What would be the fastest way to sort an array of words containing a-z and spaces only?

Question

I'd like to know if there's some faster way to sort such array than quicksort/mergesort.

Maximum array's length is 10^6. Word's length is >=10 and <= 100 and the word can contain a-z and spaces (27 different characters in total). Characters are not unique in the words (they can repeat). All the words in an array are equally long.

Answer 1

Why not a distribution sort per three characters: that would need a count storage of 19683 (27*27*27) elements, which should be feasible, and then at most 34 passes are needed.

But very soon, the sublists per key (multiple of three characters) will be short enough to use an insertion sort or alike on the remaining of the string. 1.000.000/(27^3) is about 50

The same mechanism can be used with longer keys if they have long prefixes in common i.e. and the first 30 characters would divide the list in only 20 or 30 sublists. Then you don't represent the keys as numbers, but as strings, and store them in a dictionairy, which is slower, but less passes are needed then, and maybe less memory as well. Also it would need around N*log(M) lookups with M the number of different keys in a binairy tree, but hashing is also a possibility.

Answer 2

Well I've read (and upvoted) an answers about radix sort and radix trie, very informative.
But.
In case of radix sort - you need to make 91 passes of N elements, so it will be 91 * N. I'm not talking about additional space.
In case of mergesort you have N * log N compares, and since log N = log 1000000 ~ 20 you got 20 * N compares.

So which one is faster? :) Or may be I've mistaken somewhere?

Answer 3

The lower bound for any comparison based sort is O(nlog(n)). You can't have any sorting algorithm based on comparing elements to each other that runs on a worst case lower than this limit.
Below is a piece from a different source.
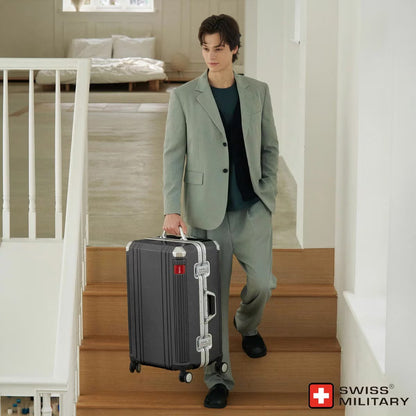 Angle view of the silver and dark grey Swiss Military 63.5cm hardside suitcase showing its aluminium edge frame and double urethane wheels on a light surface.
both merge sort and heap sort have a worst case running time of O(nlog(n))... And quick sort have a worst case running time of O(n^2), but the average running time is O(n^log(n)).
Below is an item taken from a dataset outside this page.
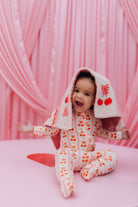 baby with the blanket on their head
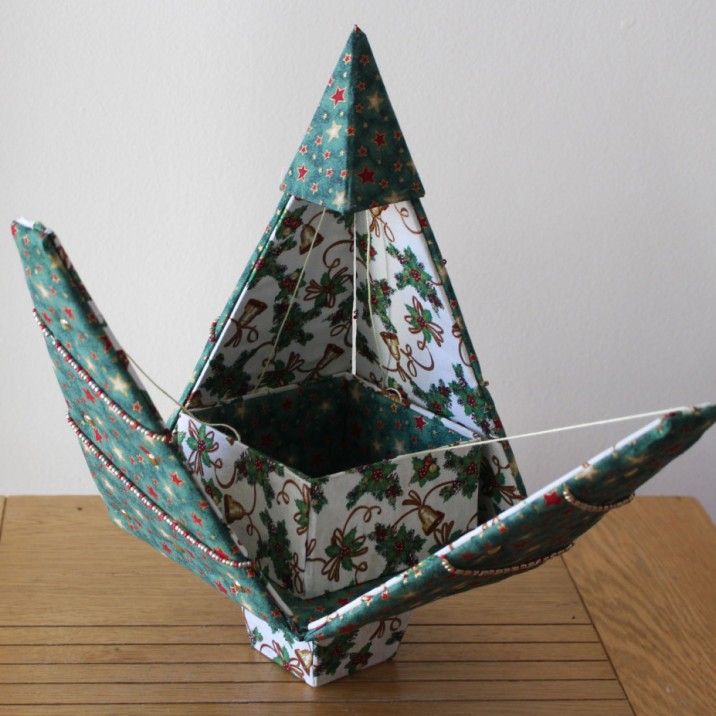 This amazing twist on the usual paper origami is Dee's Fabrigami.  These unusual fabric covered boxes are great fun!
It is worth to mention that although quick sort have a worst time running time of O(N^2), it sometimes beats others algorithms with O(nlog(n)) running time (like heapsort) due to having a small constant factor and suitability for efficient execution on current machine architectures.

linear sorting algorithms that allows for sorting integers (but not only limited to them) in linear time O(n) on a non comparative basis (Examples: counting sort, bucket sort, and radix sort)

MSD radix sort can sort strings using lexicographic ally order of digits (in this case characters) and from the left to the right.

It sorts all strings first using the leftmost character using another linear sorting algorithm (say bucket sort), then sort them again using the second from the left character and so on until they are sorted by the rightmost character. At the end the array will be completely sorted.

This algorithm will have a running time of O(k*N) where N is the number of elements, and k is the average key length (word length in this case it will be >=10 && <=100).

Answer 4

The ascii values can be computed so essentially this is an integer sort. Comparison based sorting routines will at best get you O(n lg n) - Merge Sort (with additional space needed for creating two more arrays of size n/2) or O(n^2) at worst (insertion sort, quicksort, but they have no additional space complexity). These are asymptotically slower than a linear sorting algorithm. I recommend looking at CLRS (http://www.amazon.com/Introduction-Algorithms-Thomas-H-Cormen/dp/0262033844). The chapter on sorting in linear time. O(n) is probably the best you can do in this scenario. Also, this post might help. Sorting in linear time?

I'd check out radix sort. http://en.wikipedia.org/wiki/Radix_sort

Answer 5

You can put all the words in a trie (or a radix tree), and then print it in a DFS order, starting from the "smaller" lexicographical letter at each level in the DFS.

This solution will be O(n* |S|) where |S| is the average string length.

Simple example:

Let the set of strings be [ac,ab,aca]:

The resulting trie will be:

         a
       /  \
      /    \
     b      c
     |     / \
     $    $   a
              |
              $

And a DFS (which prefers lexicographically smaller characters): The DFS will start from a, go to b, and then to the end sign ($) and will first print ab, then go back to a, and right to c, and to the next $ sign, and will print ac, and next to a and its $ and will print aca, resulting in printing:

ab
ac
aca

As expexted.